-- TASK OBJECTIVE --
Give a verbatim copy of the data, leaving the pictures out.

-- SOURCE MATERIAL --

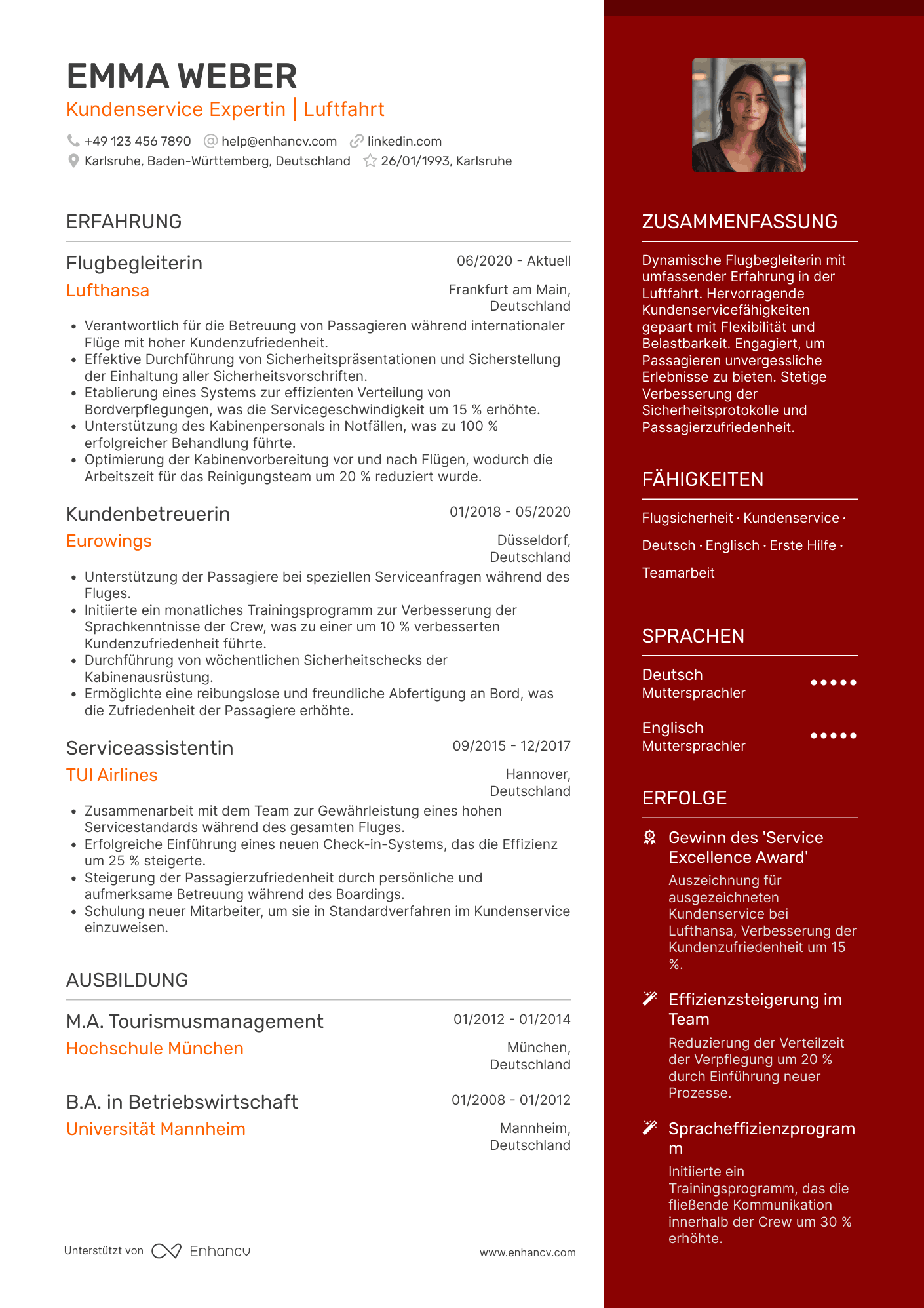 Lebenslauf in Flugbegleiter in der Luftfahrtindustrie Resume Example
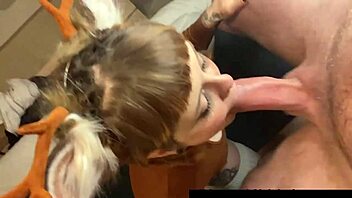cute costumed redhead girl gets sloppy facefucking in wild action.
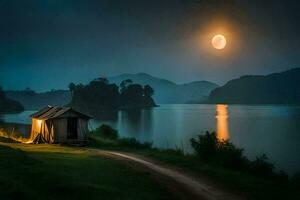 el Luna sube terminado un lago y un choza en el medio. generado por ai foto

-- PROBLEM SOLUTION --
 Lebenslauf in Flugbegleiter in der Luftfahrtindustrie Resume Example
cute costumed redhead girl gets sloppy facefucking in wild action.
 el Luna sube terminado un lago y un choza en el medio. generado por ai foto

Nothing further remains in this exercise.